Cientificar el mito
«Están ganando los científicos que defienden la verdad de la creación frente al relato de la evolución». Esta fue la intervención estrella del exministro de Aznar, Jaime Mayor Oreja, en la cumbre antiaborto celebrada el pasado lunes en el Senado.
Sin entrar en valoraciones de si las instituciones públicas deberían albergar este tipo de eventos, no podemos obviar que esta clase de discursos han logrado introducirse en el debate público, normalizando puntos de vista que hasta el momento habían quedado al margen.

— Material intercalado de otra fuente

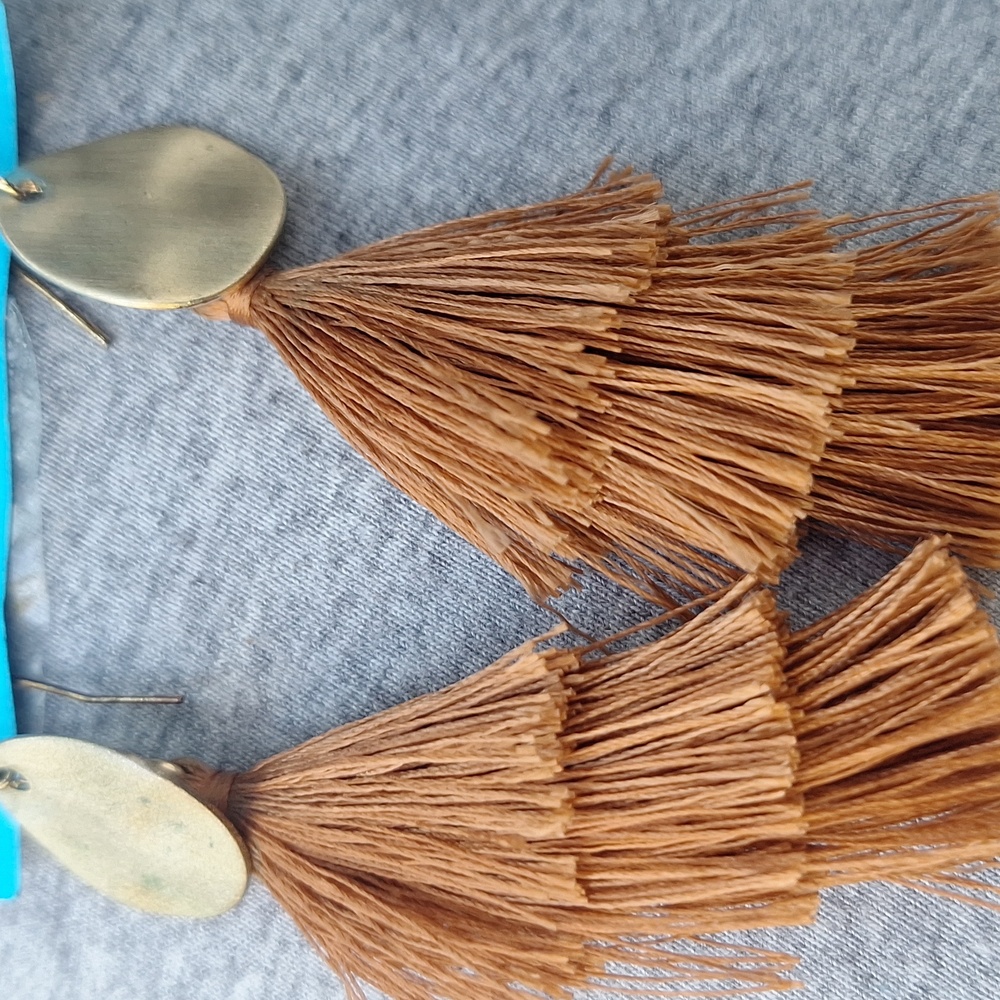Anthropoligie Elegant Brown Tassel Earrings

Sin embargo, no es esta la cuestión que pretendo exponer, sino el peligro que supone dotar de una apariencia científica a la mentira y al mito. La ciencia, como pilar fundamental para el progreso, supone una amenaza directa para la tradición, desmintiendo creencias sostenidas en el tiempo y obligando a la rectificación de los defensores más acérrimos de las mismas. Y esto molesta, y mucho. Porque ciertamente puede resultar traumático saber que hemos vivido equivocados, que no estábamos en lo cierto.
De esta forma, como la evidencia empírica de la ciencia es difícilmente rebatible, el ala más temerosa al progreso ha generado su propia ciencia, defendiendo teorías pseudocientíficas alimentadas por bulos y teorías de la conspiración. Es decir, una «ciencia» al servicio de la tradición.
El problema es evidente. En época de angustia, con una ciudadanía desconfiada de la política y de los medios de comunicación, la ciencia debe ser esa rama de conocimiento veraz, y no debemos permitir que sea menospreciada y utilizada de forma macabra por quien no cree en ella.